Cree uno que la historia de los secundarios, las andanzas sin brillo de esos seres que no tienen quien les escriba, constituye la intrahistoria luminosa del mundo. Solo hay que saber mirar. Con mis gafas progresivas recién estrenadas me puse yo a mirar lo mejor que sé la actuación en preliminares del cuarteto portuense Inclusión o Victoria. Un ejército de fanáticos nazis acababa de invadir Cádiz en carnaval, sin encontrar resistencia porque los gaditanos estaban en la calle buscando alguna cola donde dieran algo gratis. En medio de un alboroto jubiloso y una humanidad conmovedora, los apresados, militantes activos de la Asociación Afanas, defendieron sin complejos su actuación y, sobre todo, la dignidad de su existencia. Fueron un soplo de aire fresco, una cura de humildad para un concurso que se ha convertido en una hoguera de vanidades rimadas, en una lustrosa y afinada banda de egos revueltos.
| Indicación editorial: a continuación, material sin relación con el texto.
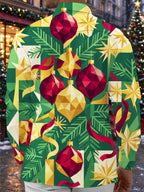 Oceanlyte Men's Long Sleeve Shirt - Geometric Christmas Ornaments And Pine Needles Print with Chest Pocket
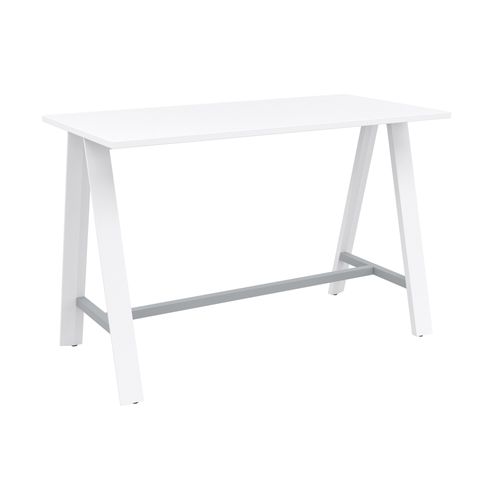 Table haute NUMA 160x80 cm BUT PRO blanc / pieds métal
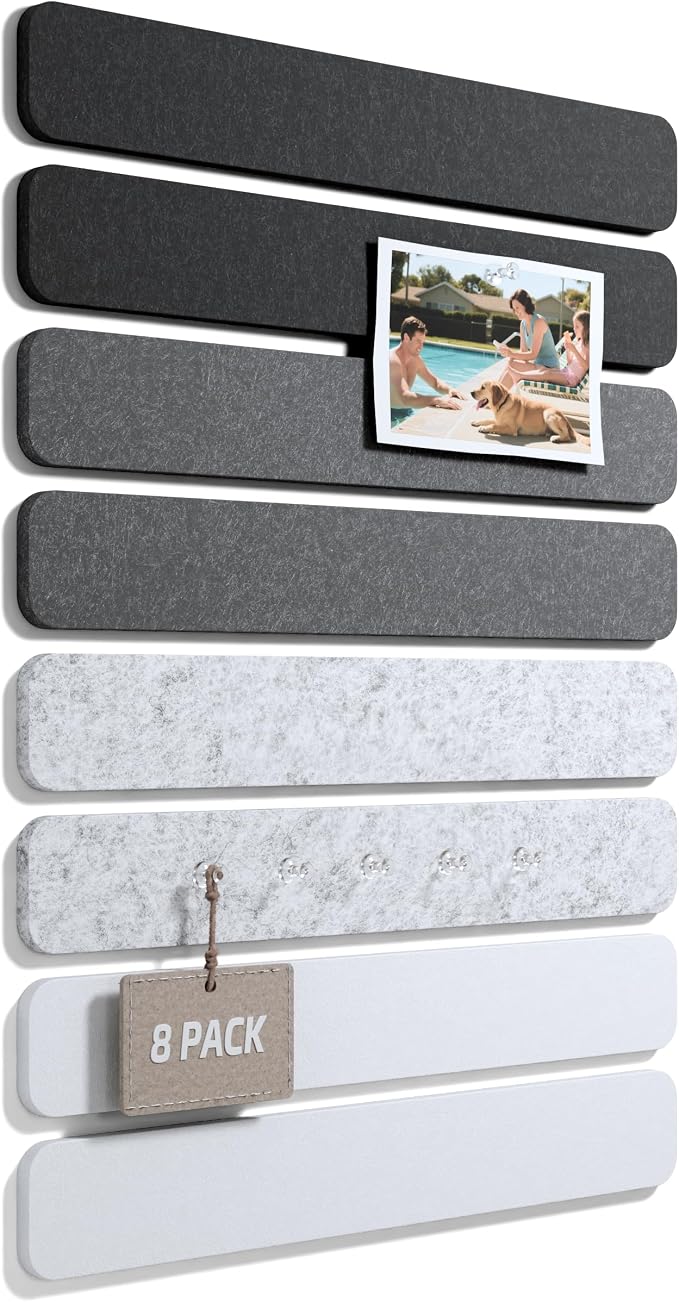 Fluxynara 13" x 2" Felt Wall Panels, Concrete Echo | 8-Pack Includes 50 Push Pins and Adhesive Tabs for Photos, Notes and Decor in Bedroom Doors, Home Office or Studios by FLUXYNARA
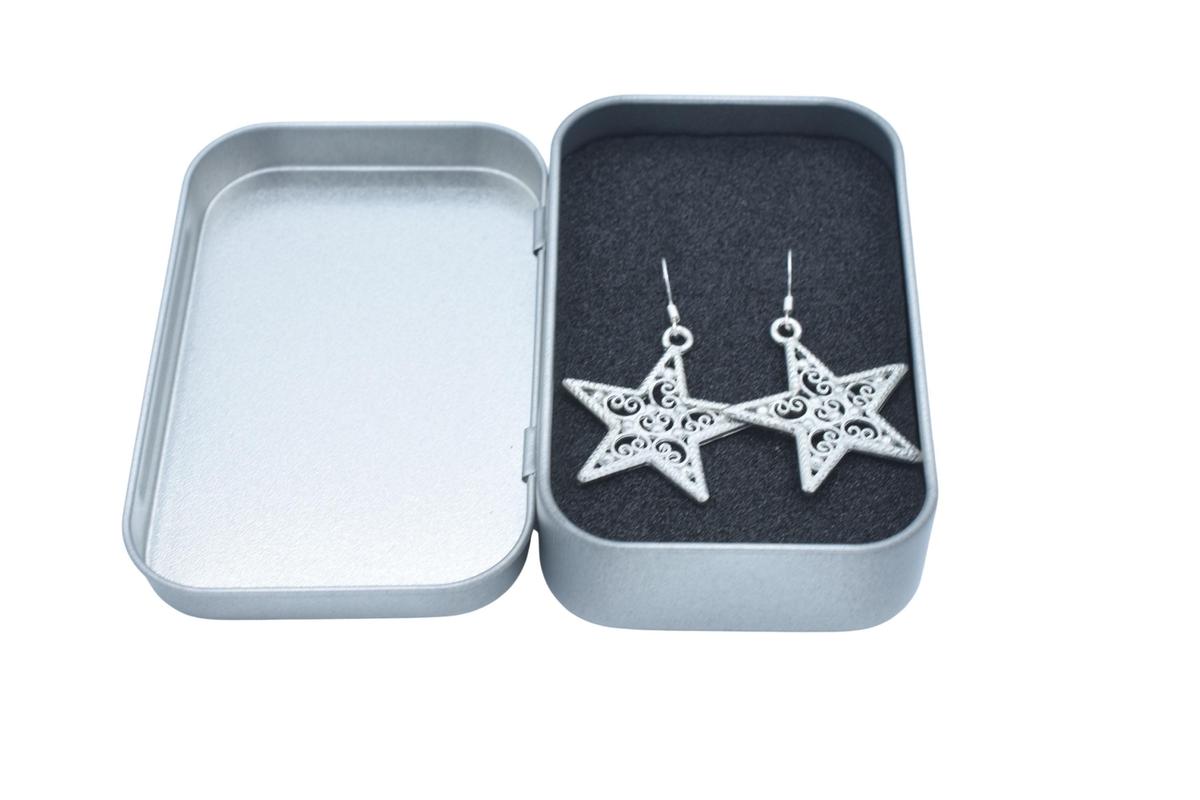 Tin Detailed Cut Out Star Design Earrings - Anniversary or Birthday Gift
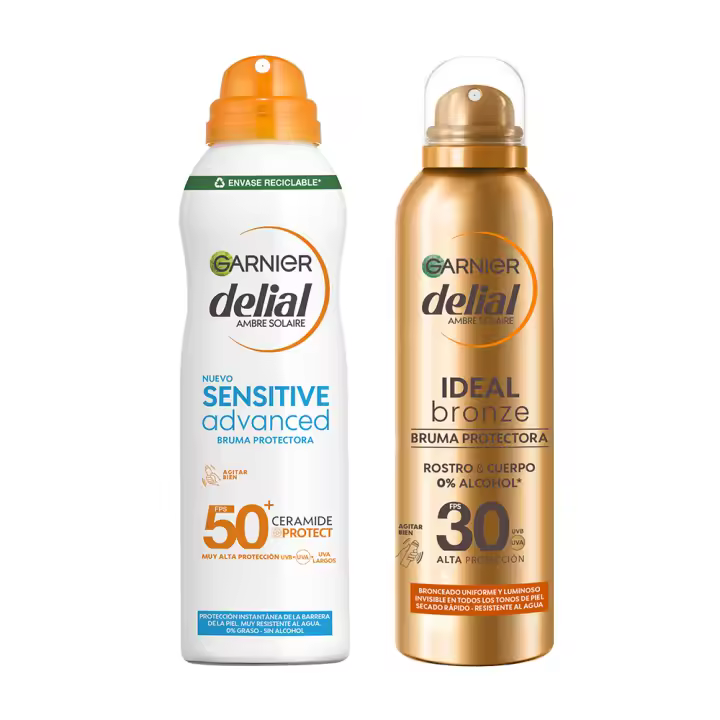 GARNIER | Delial Sensitive Advanced Bruma Protectora Solar para pieles claras, sensibles e intolerantes al sol IP50+. Muy resistente al agua, 0% pegajoso, 0% graso +Ideal Bronze Bruma Protectora FPS30 - 150+150 ml - 1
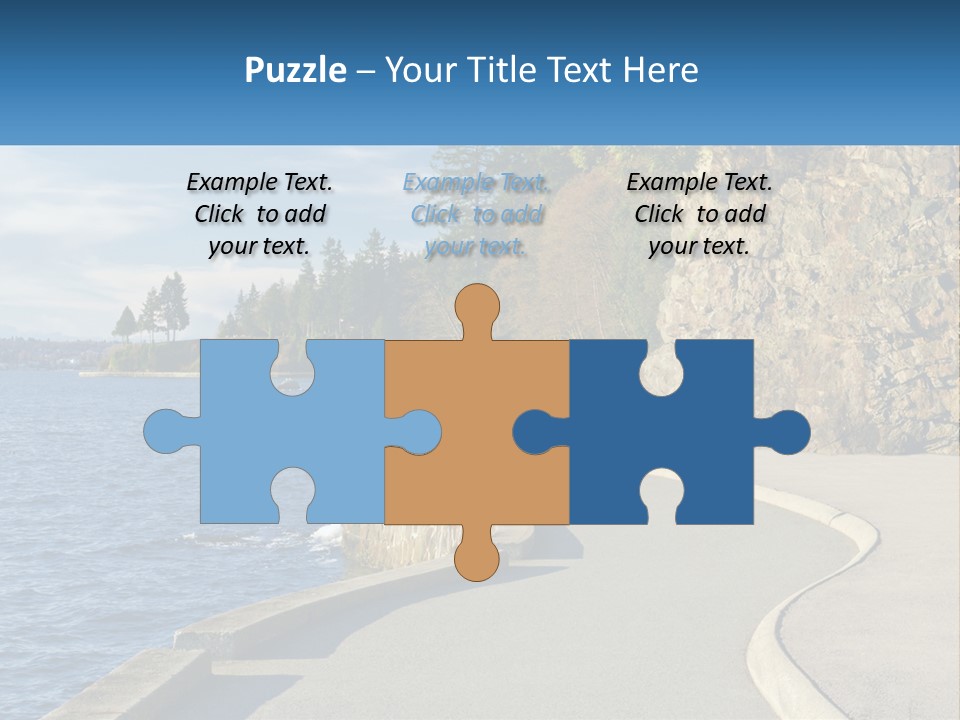 A Paved Road Next To A Body Of Water PowerPoint Template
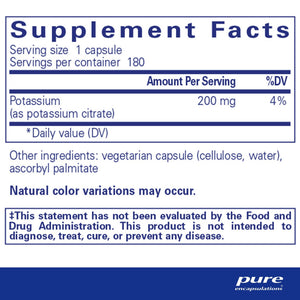 Pure Encapsulations, Potassium (citrate) — Supplement facts panel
Mis progresivas nuevas y mi progresismo viejo me alcanzaron para entrelazar ficción y realidad, para señalar a los verdugos y honrar a las víctimas. Pude ver entre los invasores al delegado de Educación de Sevilla, ese señor que aún sigue en su puesto después de perpetrar una pregunta que retrata a un miserable: “¿Para qué quiere un niño con autismo un personal técnico, para que le enseñe a mover la lengua frente al espejo?”. Y a los responsables de ese centro privado gallego en el que los enfermos sin indicios de agresividad eran atados durante semanas. Entre los prisioneros, reconocí a mis tías Carmela y Ana, que penaron sus vidas en el manicomio de El Puerto. Y al bueno de mi vecino Juan, el de los huevos, siempre con la sonrisa y la ternura suelta. Y a Alicia, confinada en su diminuto país de maravillas menudas en el que no ha dejado nunca de brillar el sol compasivo de la infancia.
Quizá sea porque soy miope, pero esas viejas historias de coraje y justicia se ven mejor de cerca.